All cleaning methods modify the document in-place and return None. They are designed to clean and normalize text extracted from PDFs, web pages, and other sources.

Overview¶

Cleaning methods are called on Document instances:

from rs_document import Document

doc = Document(page_content="Raw text", metadata={})
doc.clean()  # Modifies doc.page_content in-place

Important: All cleaning methods modify the document's page_content directly. The original content is not preserved. If you need to keep the original, create a copy first.

Methods¶

`clean()`¶

Run all available cleaners in sequence.

Signature:

doc.clean() -> None

Description:

Applies all cleaning operations in a specific order.
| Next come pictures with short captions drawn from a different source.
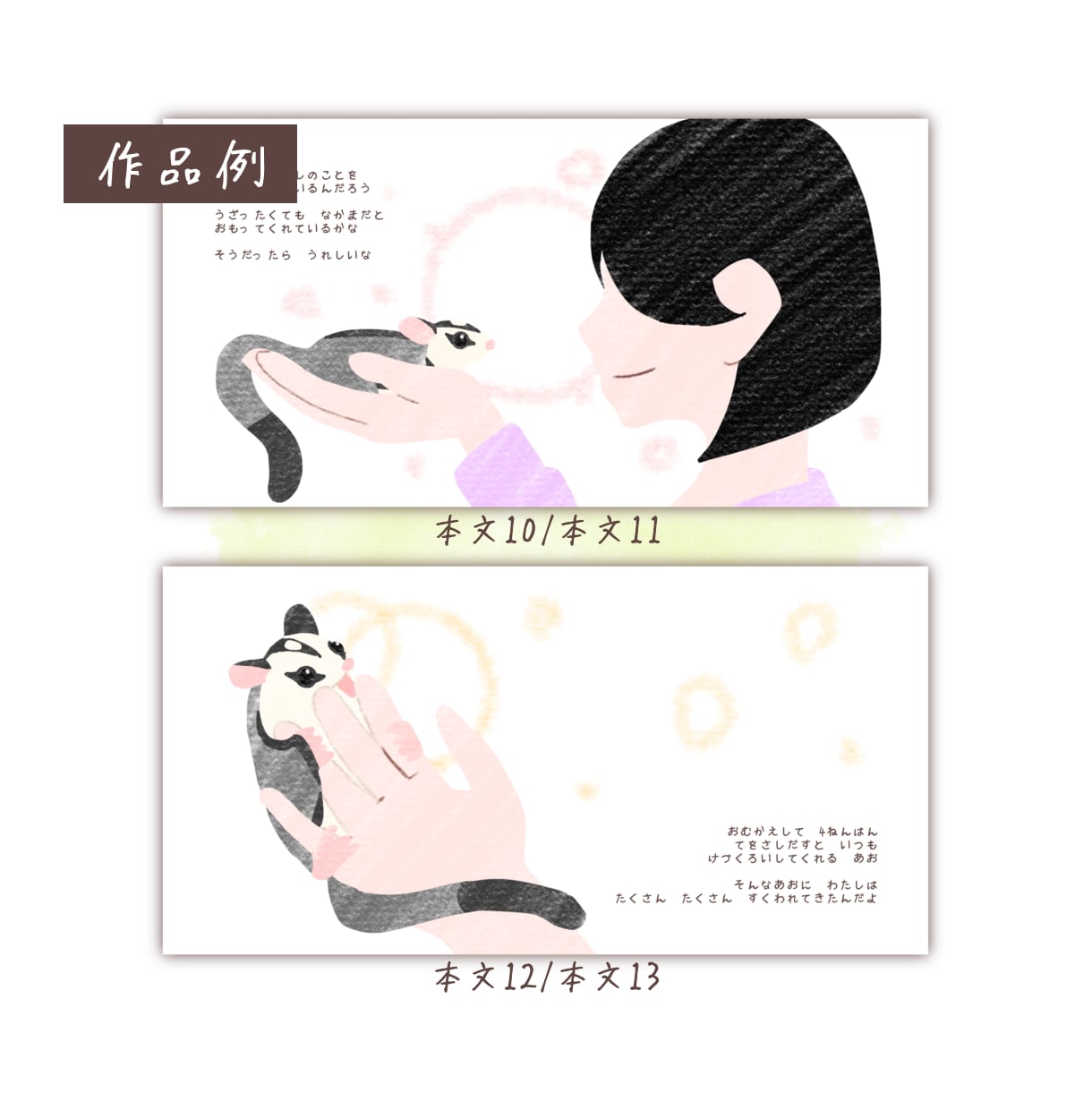 世界に一つのオリジナル絵本をお作りします 大切な思い出を形に！現物納品だから初めてでも安心♪ イメージ8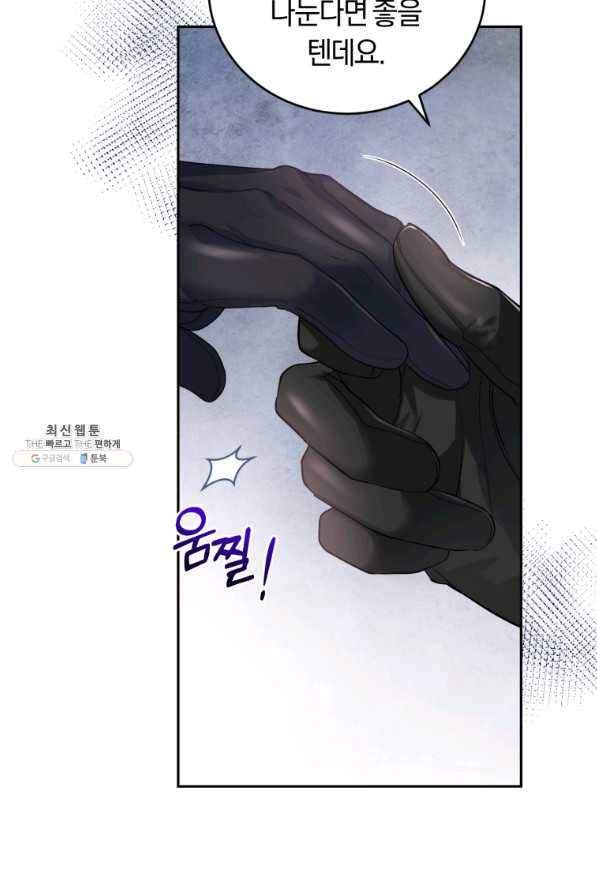 폭군의 유일한 조향사가 되었습니다 62화 87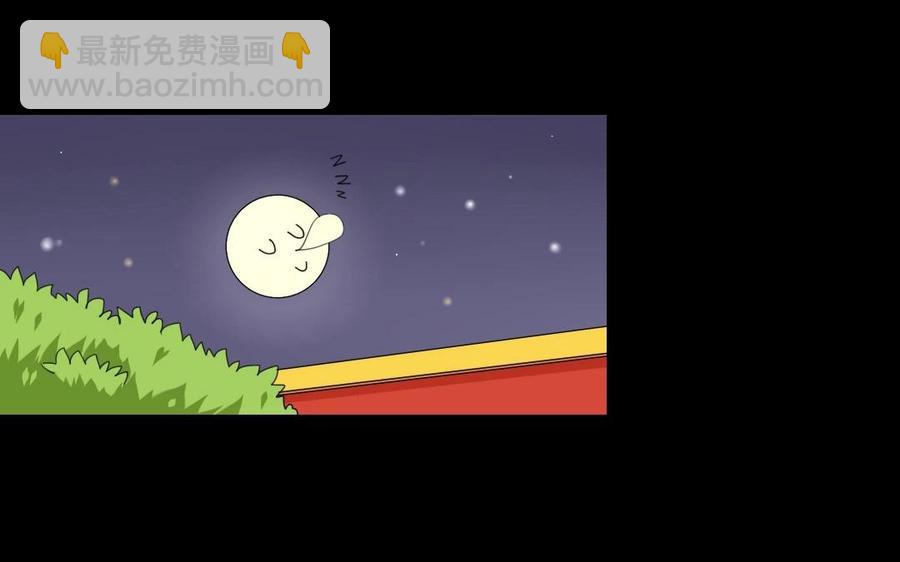 95 筹谋(1/2)-第101话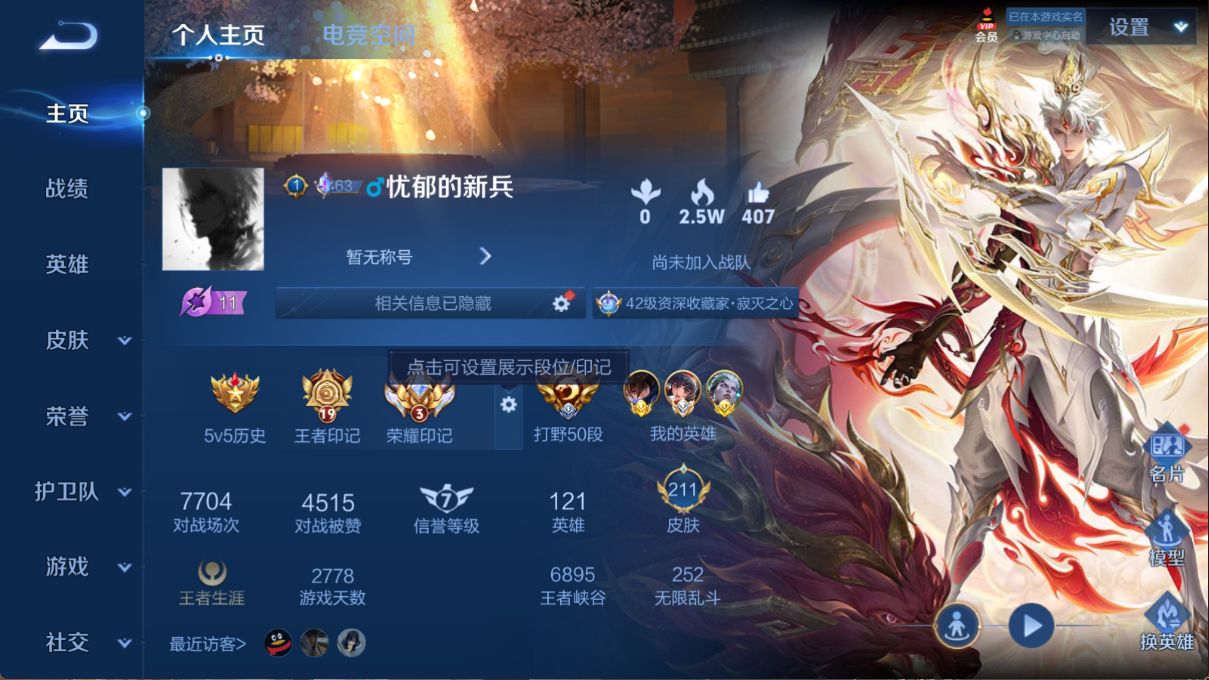WZ321145王者荣耀账号详情图8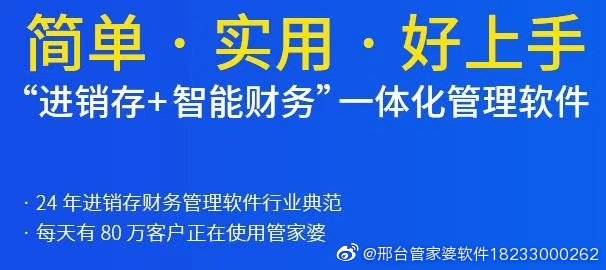 7777788888管家精准管家婆免费，定量解答解释落实_yl323.50.18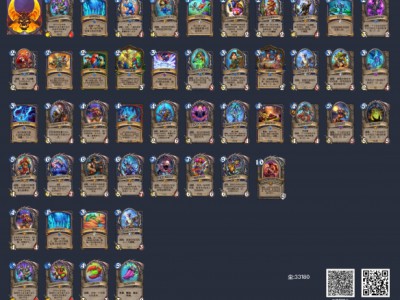 炉石传说2024狂野模式战吼萨满卡组攻略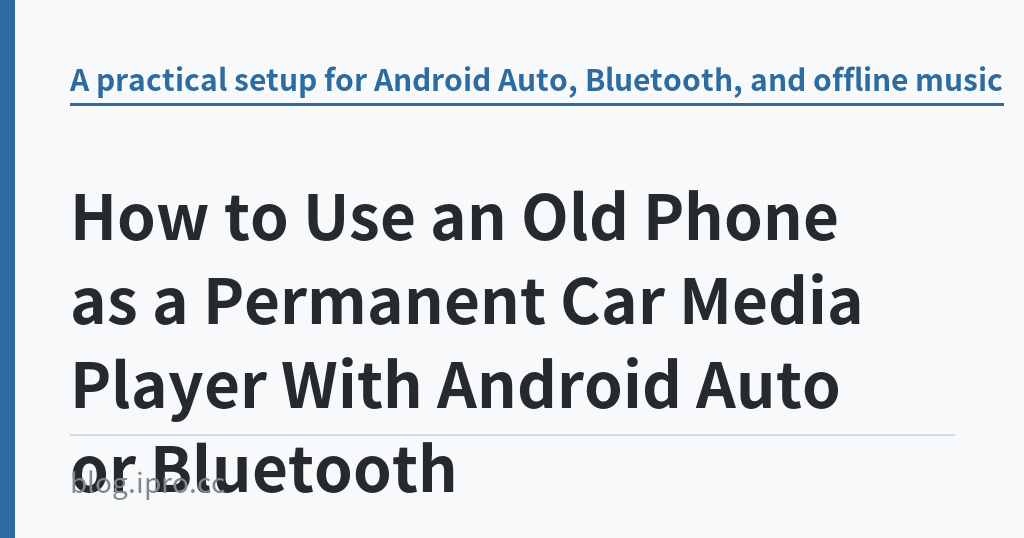 How to Use an Old Phone as a Permanent Car Media Player With Android Auto or Bluetooth｜iPro+ 知識酷（blog.ipro.cc）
This is the most convenient method for general-purpose cleaning.

Execution Order:

clean_extra_whitespace() - Normalize whitespace
clean_ligatures() - Convert typographic ligatures
clean_bullets() - Remove bullet characters
clean_non_ascii_chars() - Remove non-ASCII characters
group_broken_paragraphs() - Join split paragraphs

Parameters:

None.

Returns:

None - Modifies the document in-place.

Example:

doc = Document(
    page_content="●  Text with   spaces and æ ligatures\x88",
    metadata={}
)

doc.clean()

# All cleaning operations applied:
# - Extra whitespace normalized
# - Ligature 'æ' converted to 'ae'
# - Bullet '●' removed
# - Non-ASCII character '\x88' removed
print(doc.page_content)  # "Text with spaces and ae ligatures"

Use Cases:

General-purpose document cleaning
Preparing text for analysis or embedding
Sanitizing text from unknown sources

Note: The order is fixed and cannot be customized. If you need a different order or subset of operations, call individual cleaning methods directly.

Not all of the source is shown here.